Pihak musuh menyerang dua
kali masing-masing dengan sekitar 500–700 orang. Serangan kedua lebih
kuat tetapi dua-duanya dapat ditangkis dengan mudah dan tanpa jatuhnya
korban di pihak Belanda sementara di pihak musuh ada 20 orang yang
cedera dan 2 yang mati.
Serangan yang lebih dahsyat diperkirakan
akan dilangsungkan pada 2 Maret. Pasukan tambahan sebanyak 200 atau 300
tentara direncanakan berangkat 1 Maret dari Sibolga. Kalau pasukan di
Bahal Batu dapat bertahan sampai pasukan tambahan tiba maka kemungkinan
pihak musuh menang sangat tipis karena Belanda unggul dalam hal
persenjataan dan disiplin. Kolonel Engel yang memimpin pasukan ini malah
diberi tugas untuk melancarkan serangan bahkan sampai ke Danau Toba.

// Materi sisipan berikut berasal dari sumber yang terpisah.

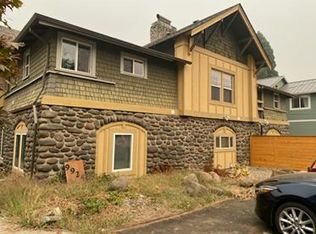 9925 SE Amherst St UNIT 3, Clackamas, OR 97015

Tampaknya jelas bahwa Silindung tidak lagi dapat dibiarkan tanpa
pemerintahan. Selain itu perlu dipikirkan apakah bukan lebih baik bagi
pemerintah Belanda untuk langsung saja menaklukkan seluruh Toba dan
sekaligus menjaga agar orang Aceh yang beragama Islam jangan menguasai
Toba dan mengislamkan ratusan ribu kafir Toba. Betapa orang Batak
Kristen dapat diandalkan tampak jelas sekarang, sebagai orang Islam
orang Batak takkan mungkin menjadi rakyat yang patuh pada Belanda.